(ix) The execution and delivery of the Terms Agreement (including the provisions of this Agreement) and, if the Offered Securities are debt securities, any Delayed Delivery Contracts have been duly authorized by the Company, and the Terms Agreement (including the provisions of this Agreement) and, if the Offered Securities are debt securities, any Delayed Delivery Contracts have been duly executed and delivered by the Company.
Such opinions shall be subject to customary limitations, reservations and assumptions.
(e) If the Offered Securities are Guaranteed Debt Securities, the Representatives shall have received an opinion, dated the Closing Date, of De Brauw Blackstone London B.V., Dutch counsel for the Issuer, substantially to the effect that:
(i) The Issuer has been incorporated and is existing as a private company with limited liability (besloten vennootschap met beperkte aansprakelijkheid) under Dutch law.
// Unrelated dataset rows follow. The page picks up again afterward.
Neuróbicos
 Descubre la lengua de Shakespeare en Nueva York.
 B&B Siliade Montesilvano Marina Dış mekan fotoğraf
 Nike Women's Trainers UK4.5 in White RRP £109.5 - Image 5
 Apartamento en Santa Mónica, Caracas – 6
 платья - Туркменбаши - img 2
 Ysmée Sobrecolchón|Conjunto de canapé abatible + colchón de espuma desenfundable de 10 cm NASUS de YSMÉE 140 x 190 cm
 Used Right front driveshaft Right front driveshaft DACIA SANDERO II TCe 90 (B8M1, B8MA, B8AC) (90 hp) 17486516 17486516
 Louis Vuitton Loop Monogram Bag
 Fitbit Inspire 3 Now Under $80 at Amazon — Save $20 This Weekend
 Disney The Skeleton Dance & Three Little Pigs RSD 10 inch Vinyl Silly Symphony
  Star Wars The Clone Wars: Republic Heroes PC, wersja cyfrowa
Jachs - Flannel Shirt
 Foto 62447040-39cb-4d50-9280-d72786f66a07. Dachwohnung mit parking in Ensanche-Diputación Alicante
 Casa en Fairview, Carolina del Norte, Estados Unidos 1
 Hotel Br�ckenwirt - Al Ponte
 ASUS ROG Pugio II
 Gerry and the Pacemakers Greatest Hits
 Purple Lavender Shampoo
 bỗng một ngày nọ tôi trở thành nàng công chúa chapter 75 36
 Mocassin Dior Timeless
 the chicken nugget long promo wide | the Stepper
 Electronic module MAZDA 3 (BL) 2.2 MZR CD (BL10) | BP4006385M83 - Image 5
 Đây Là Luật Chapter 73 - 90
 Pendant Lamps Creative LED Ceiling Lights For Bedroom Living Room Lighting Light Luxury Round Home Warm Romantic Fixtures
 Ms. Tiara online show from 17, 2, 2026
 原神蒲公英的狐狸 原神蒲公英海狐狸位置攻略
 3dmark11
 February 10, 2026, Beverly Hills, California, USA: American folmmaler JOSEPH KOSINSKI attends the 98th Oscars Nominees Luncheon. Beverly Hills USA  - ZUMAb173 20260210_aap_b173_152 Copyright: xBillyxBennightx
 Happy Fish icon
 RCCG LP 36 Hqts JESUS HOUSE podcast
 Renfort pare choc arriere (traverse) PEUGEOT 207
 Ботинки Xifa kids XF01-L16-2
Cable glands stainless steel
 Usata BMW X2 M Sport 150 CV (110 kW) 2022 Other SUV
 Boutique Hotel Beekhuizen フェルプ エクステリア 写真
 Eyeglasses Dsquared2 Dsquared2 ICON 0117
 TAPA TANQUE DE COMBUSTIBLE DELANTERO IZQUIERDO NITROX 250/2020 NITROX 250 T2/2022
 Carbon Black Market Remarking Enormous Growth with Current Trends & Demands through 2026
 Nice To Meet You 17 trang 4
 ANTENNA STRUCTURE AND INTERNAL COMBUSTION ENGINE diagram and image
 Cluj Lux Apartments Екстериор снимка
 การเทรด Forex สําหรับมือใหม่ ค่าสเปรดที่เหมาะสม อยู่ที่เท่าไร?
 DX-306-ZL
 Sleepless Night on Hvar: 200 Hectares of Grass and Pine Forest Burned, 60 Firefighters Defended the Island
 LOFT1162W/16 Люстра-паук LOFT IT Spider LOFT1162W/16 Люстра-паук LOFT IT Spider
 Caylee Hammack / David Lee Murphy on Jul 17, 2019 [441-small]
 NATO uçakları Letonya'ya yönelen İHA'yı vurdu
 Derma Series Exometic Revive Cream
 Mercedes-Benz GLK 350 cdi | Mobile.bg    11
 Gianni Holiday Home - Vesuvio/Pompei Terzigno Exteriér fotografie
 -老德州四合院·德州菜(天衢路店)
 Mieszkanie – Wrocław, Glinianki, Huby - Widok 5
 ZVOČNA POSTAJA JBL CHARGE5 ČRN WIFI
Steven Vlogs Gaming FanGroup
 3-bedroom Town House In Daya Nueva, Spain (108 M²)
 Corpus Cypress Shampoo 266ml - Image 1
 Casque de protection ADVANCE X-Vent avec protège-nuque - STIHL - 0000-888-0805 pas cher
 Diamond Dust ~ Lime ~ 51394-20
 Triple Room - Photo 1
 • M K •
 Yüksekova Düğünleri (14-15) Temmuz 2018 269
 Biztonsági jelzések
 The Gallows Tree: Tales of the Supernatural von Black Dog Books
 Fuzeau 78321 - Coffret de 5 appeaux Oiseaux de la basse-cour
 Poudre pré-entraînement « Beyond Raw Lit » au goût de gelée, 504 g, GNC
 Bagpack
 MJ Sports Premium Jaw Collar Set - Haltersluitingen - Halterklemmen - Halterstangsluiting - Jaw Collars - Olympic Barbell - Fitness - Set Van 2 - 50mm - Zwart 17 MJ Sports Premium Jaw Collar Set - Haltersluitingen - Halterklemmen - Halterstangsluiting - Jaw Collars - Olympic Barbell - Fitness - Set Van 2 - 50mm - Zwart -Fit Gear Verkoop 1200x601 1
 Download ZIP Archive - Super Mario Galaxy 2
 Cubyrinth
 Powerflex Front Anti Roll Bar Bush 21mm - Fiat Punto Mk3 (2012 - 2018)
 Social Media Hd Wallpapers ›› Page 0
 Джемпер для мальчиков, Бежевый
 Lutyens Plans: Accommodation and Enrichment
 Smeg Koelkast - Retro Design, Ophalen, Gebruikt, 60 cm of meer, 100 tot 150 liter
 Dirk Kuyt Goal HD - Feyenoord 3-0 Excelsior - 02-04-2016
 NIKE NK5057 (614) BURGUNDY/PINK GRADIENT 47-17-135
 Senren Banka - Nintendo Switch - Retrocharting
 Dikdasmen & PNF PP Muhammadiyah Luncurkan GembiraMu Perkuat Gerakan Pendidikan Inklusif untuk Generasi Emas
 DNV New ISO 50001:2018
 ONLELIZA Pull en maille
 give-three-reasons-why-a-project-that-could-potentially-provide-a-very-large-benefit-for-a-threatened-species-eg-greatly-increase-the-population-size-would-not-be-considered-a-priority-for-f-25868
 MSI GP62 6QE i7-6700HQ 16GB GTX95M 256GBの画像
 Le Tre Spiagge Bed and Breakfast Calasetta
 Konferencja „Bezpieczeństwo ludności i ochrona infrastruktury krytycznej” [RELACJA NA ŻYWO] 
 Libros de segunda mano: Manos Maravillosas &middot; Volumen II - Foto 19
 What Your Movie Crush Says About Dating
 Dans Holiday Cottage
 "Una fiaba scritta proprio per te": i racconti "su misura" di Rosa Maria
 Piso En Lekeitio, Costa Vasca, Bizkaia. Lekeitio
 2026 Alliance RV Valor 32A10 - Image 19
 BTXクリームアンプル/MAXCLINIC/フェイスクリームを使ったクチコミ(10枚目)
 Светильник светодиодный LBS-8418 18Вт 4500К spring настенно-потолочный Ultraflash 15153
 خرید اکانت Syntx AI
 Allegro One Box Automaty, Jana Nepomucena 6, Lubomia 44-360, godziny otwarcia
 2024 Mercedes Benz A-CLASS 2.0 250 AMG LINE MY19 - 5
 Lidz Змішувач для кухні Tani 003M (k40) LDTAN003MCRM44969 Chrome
(ii) The Issuer has the corporate power to enter into and perform this Agreement, the Indenture, the Terms Agreement and the Delayed Delivery Contract, if any, and to issue and perform the Guaranteed Debt Securities.
(iii) The Issuer has taken all necessary corporate action to authorize its entry into and performance of this Agreement, the Indenture, the Terms Agreement and the Delayed Delivery Contract, if any, and its issue and performance of the Guaranteed Debt Securities.
(iv) This Agreement, the Indenture, the Terms Agreement, the Delayed Delivery Contract, if any, and the Guaranteed Debt Securities have been validly signed by the Issuer.
(v) Under Dutch law there are no governmental or regulatory consents, approvals or authorizations required by the Issuer for its entry into and performance of this Agreement, the Indenture, the Terms Agreement or the Delayed Delivery Contract, if any, or for its issue and performance of the Guaranteed Debt Securities.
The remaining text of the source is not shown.